Work request:
Could you reproduce the entries exactly, omitting every picture?
>>>
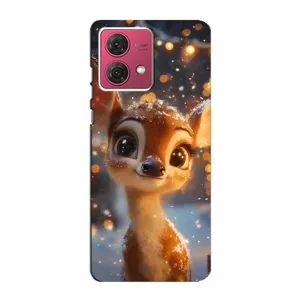 Яркий чехол для Motorola MOTO G84 с Зимними Оленятами (Олененок среди гирлянд)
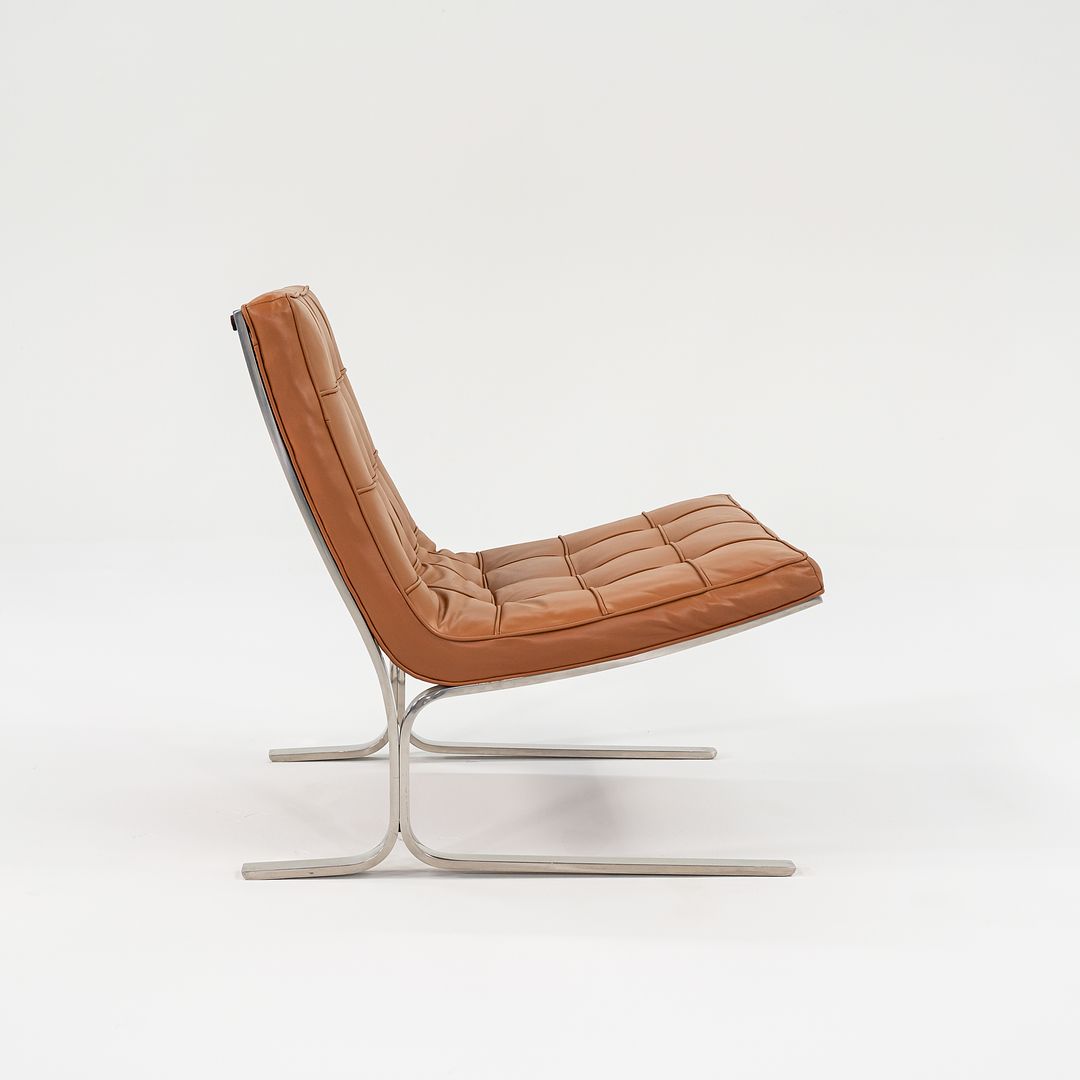 CH28 Lounge Chairs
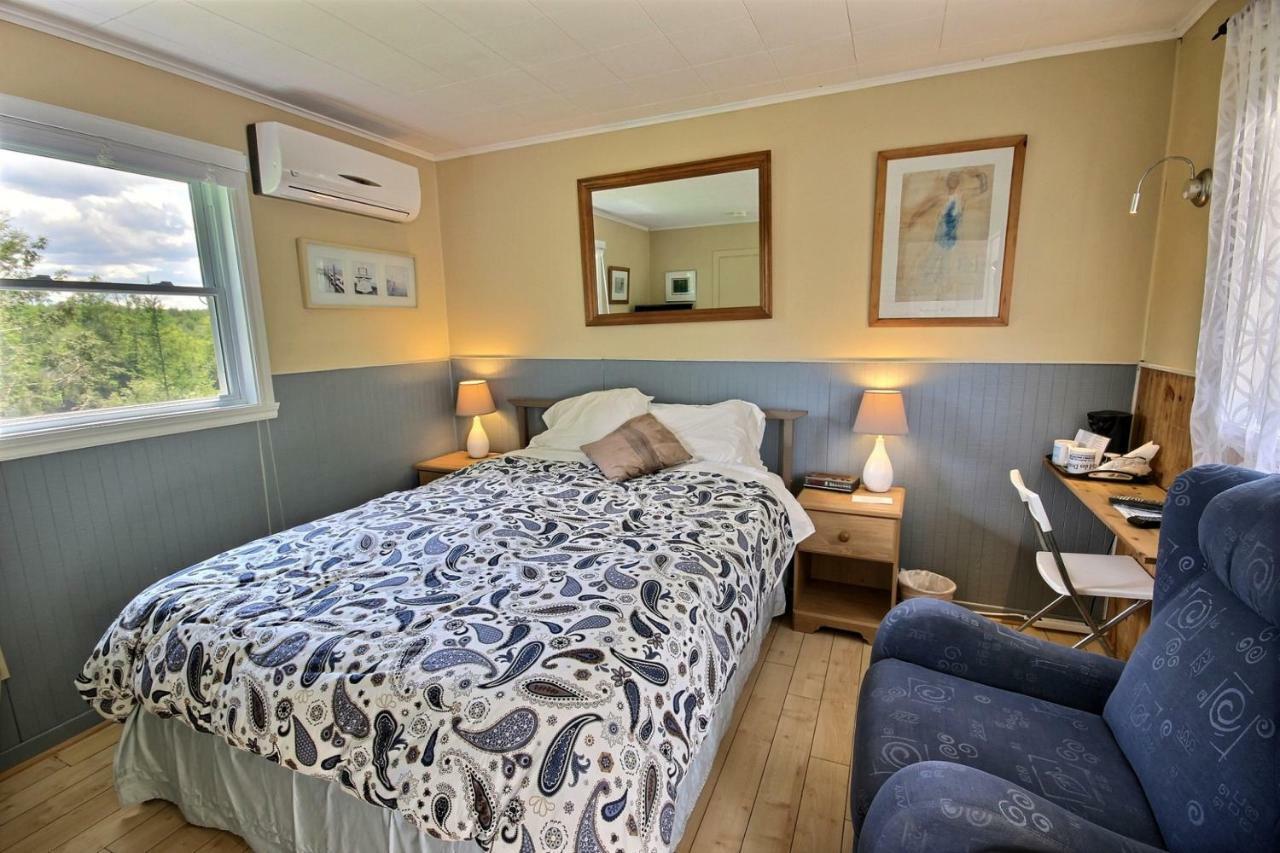 Motel Des Deux Lacs Waterloo Екстериор снимка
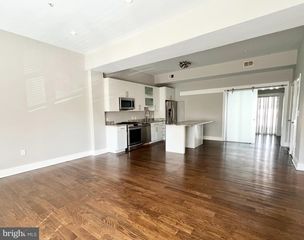 1620 E ST NE #3, Washington, DC 20002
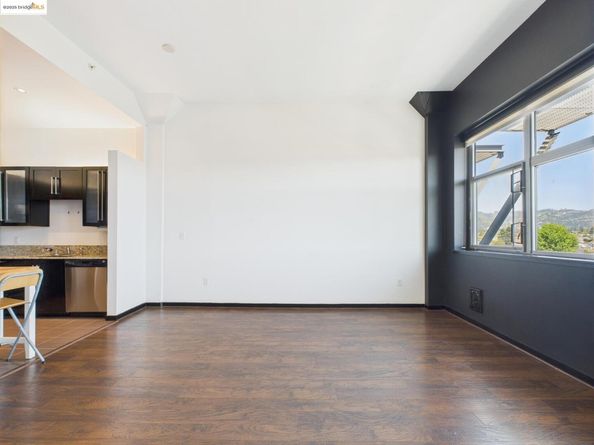 1001 46th St 503, Oakland CA 94608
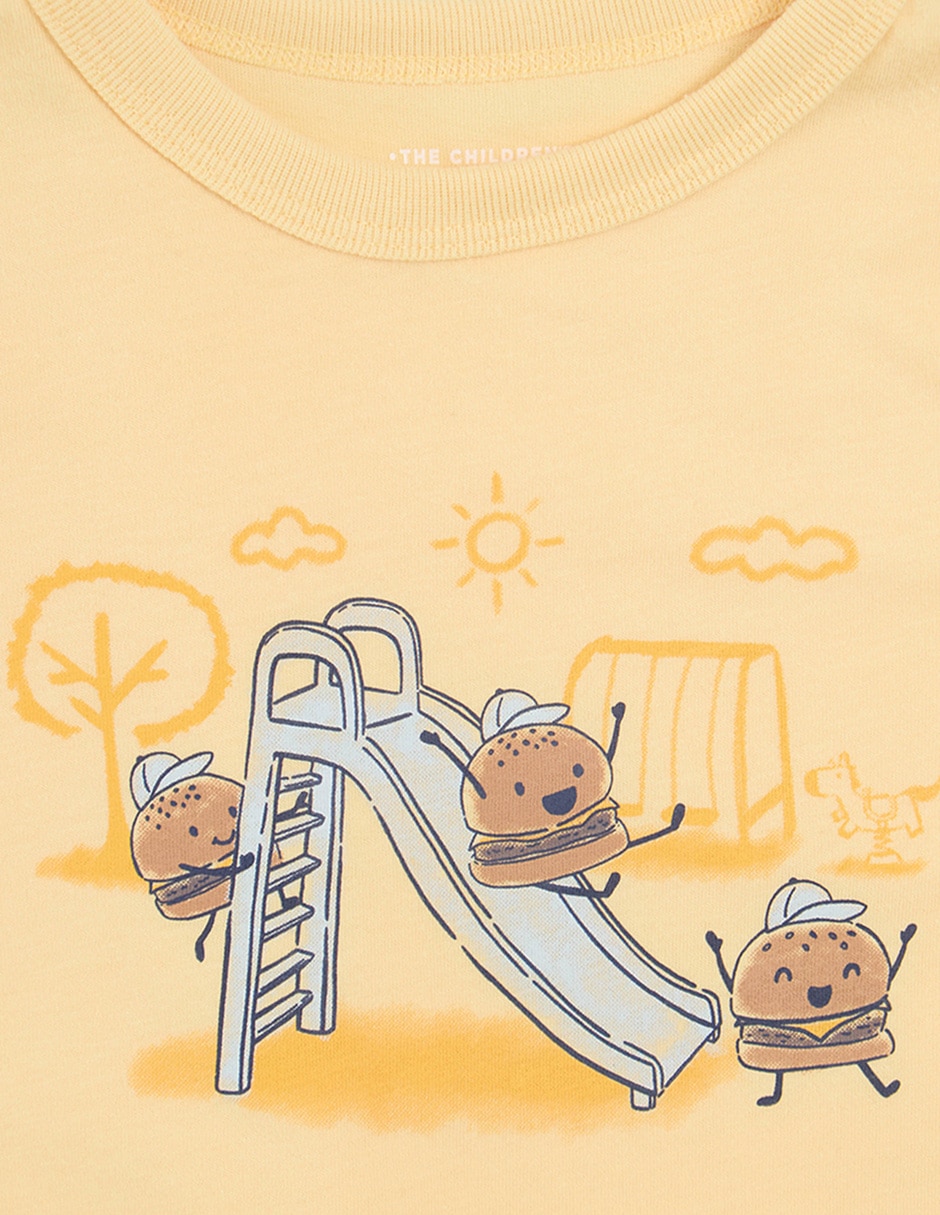 Playera manga regular para niña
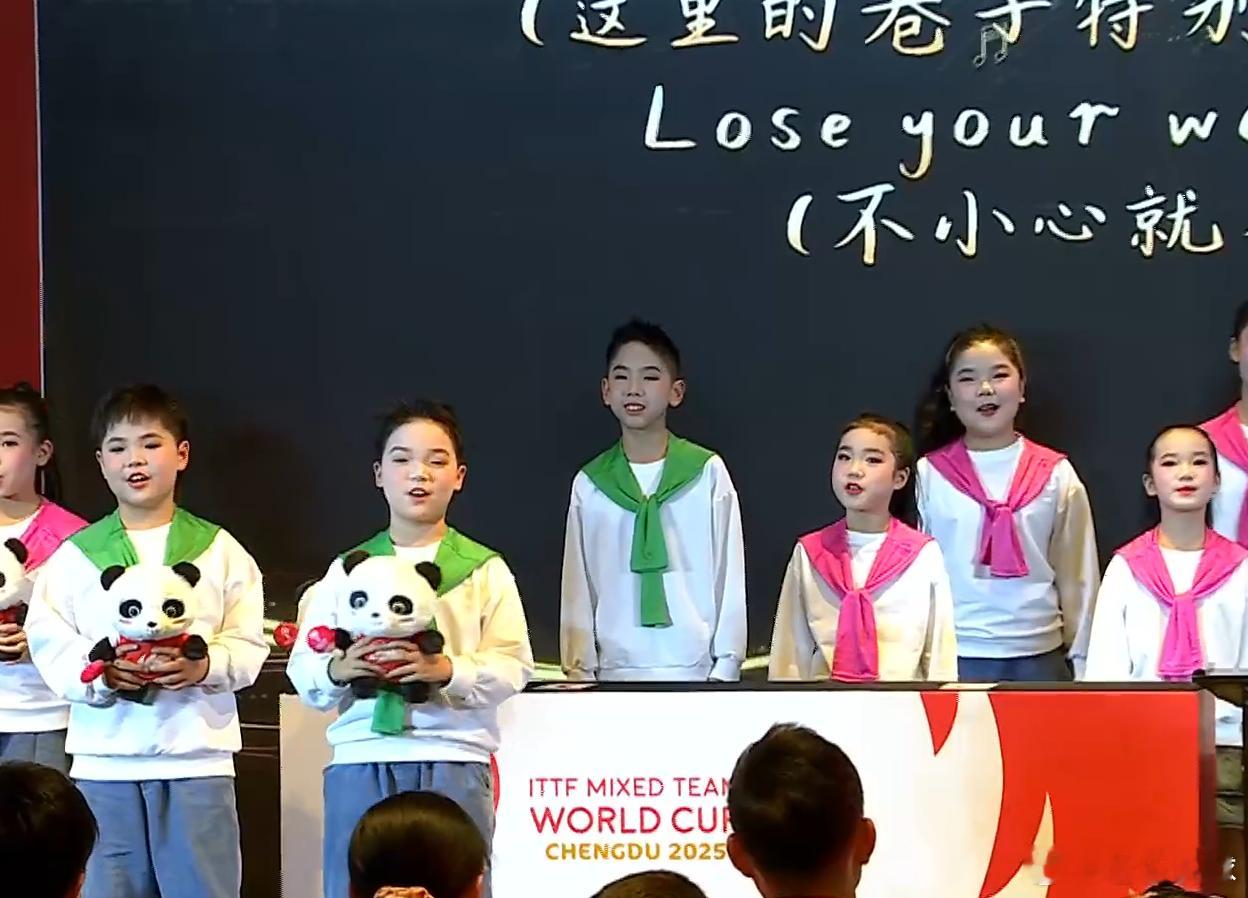 王楚钦孙颖莎出席混团抽签仪式 抽签仪式马上开始规则再说一遍16个球队循环赛进入前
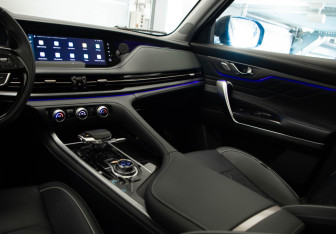 Подержанный автомобиль Changan CS95 2023 года (24 фото)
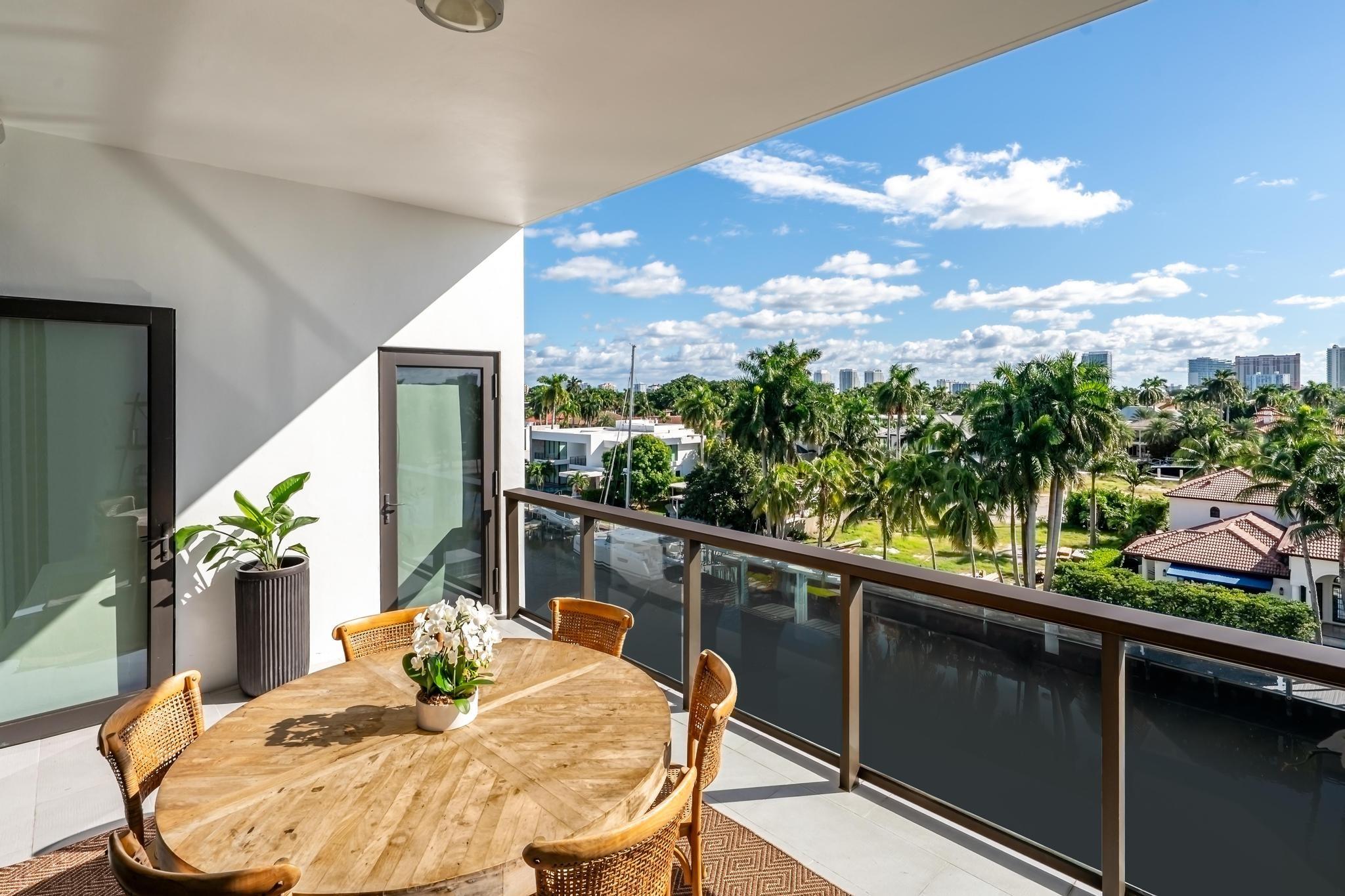 AQUALUNA LAS OLAS - Residential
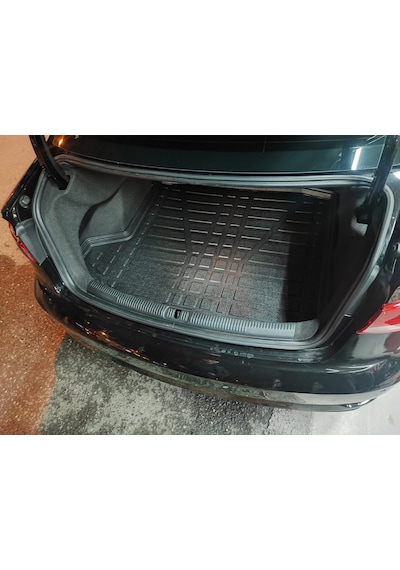Audi A3 Sedan Bagaj Havuzu
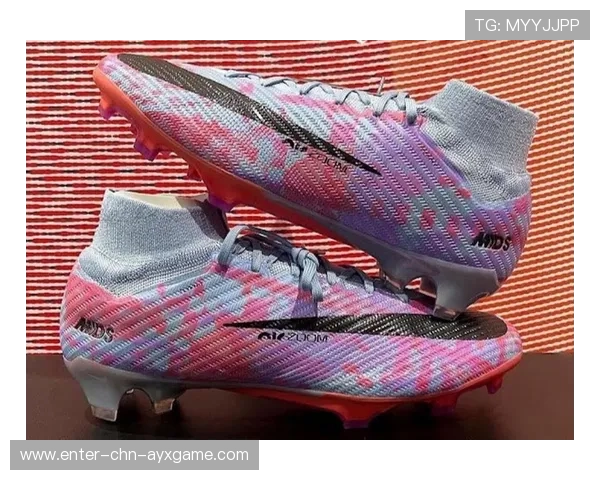 C罗卖掉旧球鞋拍卖，收益捐赠儿童医院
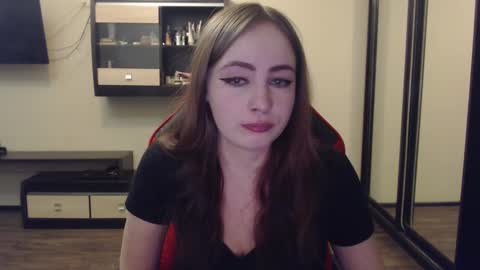 Snapshot of laralianna chatting on 02.23.25 Laralianna online show from 02.23.25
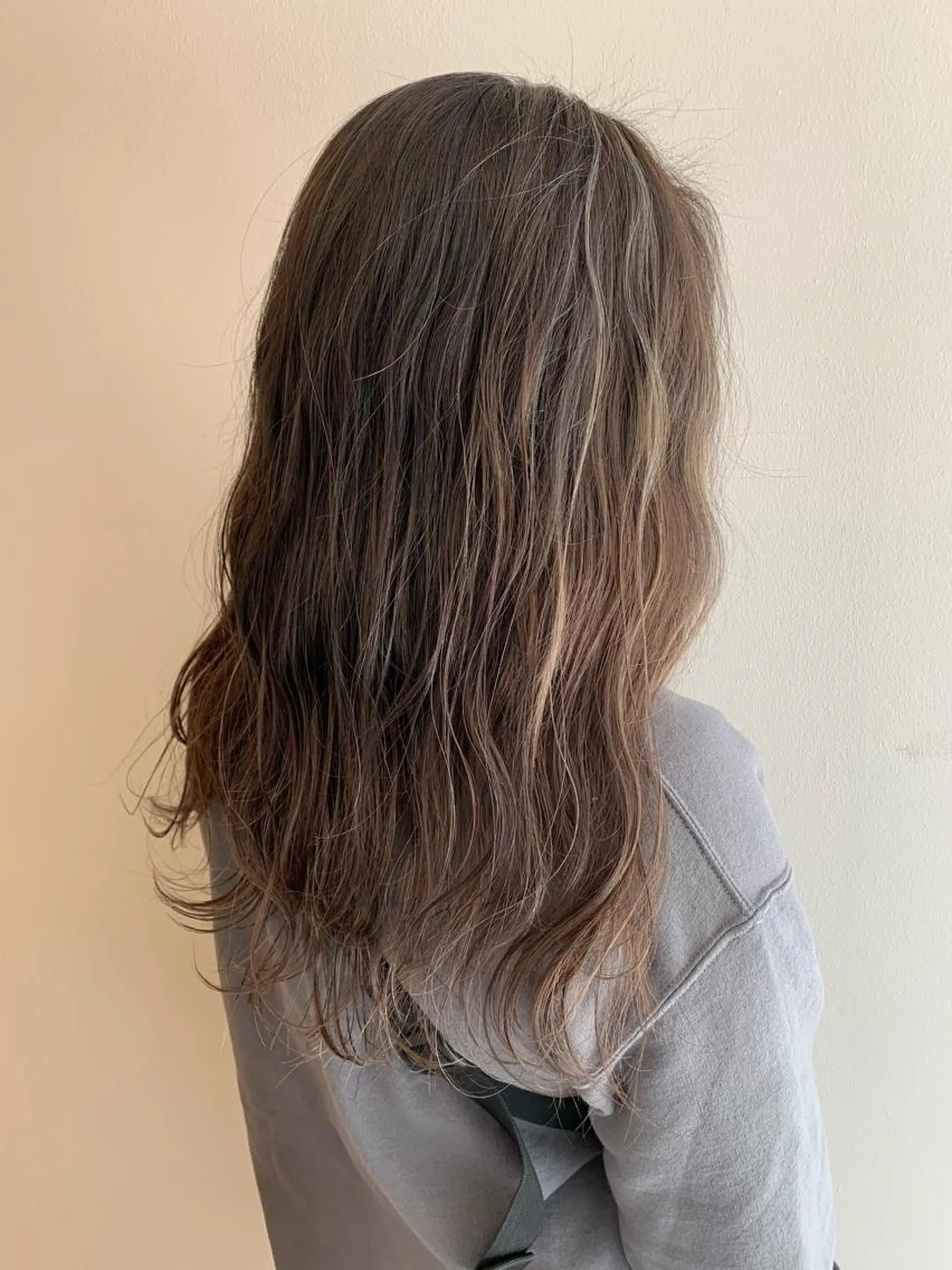 ロング カラー ヘアカラー ヘッドスパ 顔まわりカット✄ ベージュカラー🧸のヘアスタイル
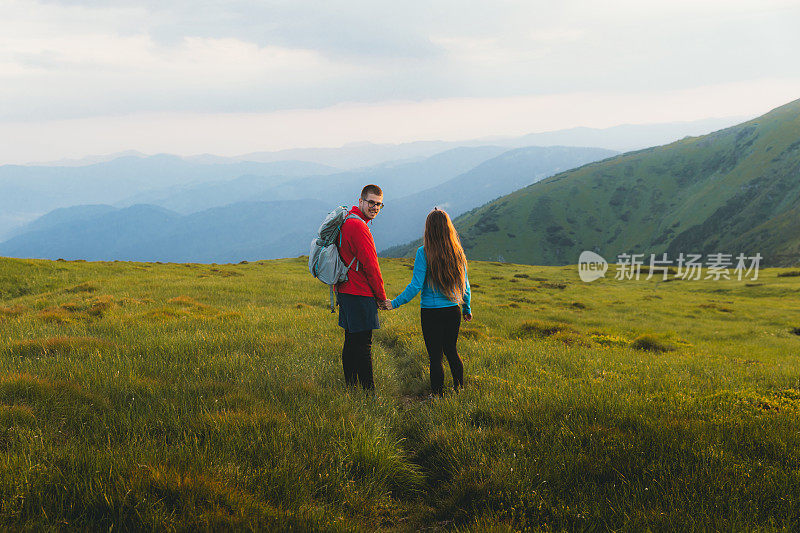 在山中徒步旅行时，家人感受到爱和自由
<<<
Answer section:
 Яркий чехол для Motorola MOTO G84 с Зимними Оленятами (Олененок среди гирлянд)
 CH28 Lounge Chairs
 Motel Des Deux Lacs Waterloo Екстериор снимка
 1620 E ST NE #3, Washington, DC 20002
 1001 46th St 503, Oakland CA 94608
 Playera manga regular para niña
 王楚钦孙颖莎出席混团抽签仪式 抽签仪式马上开始规则再说一遍16个球队循环赛进入前
 Подержанный автомобиль Changan CS95 2023 года (24 фото)
 AQUALUNA LAS OLAS - Residential
Audi A3 Sedan Bagaj Havuzu
 C罗卖掉旧球鞋拍卖，收益捐赠儿童医院
 Snapshot of laralianna chatting on 02.23.25 Laralianna online show from 02.23.25
 ロング カラー ヘアカラー ヘッドスパ 顔まわりカット✄ ベージュカラー🧸のヘアスタイル
 在山中徒步旅行时，家人感受到爱和自由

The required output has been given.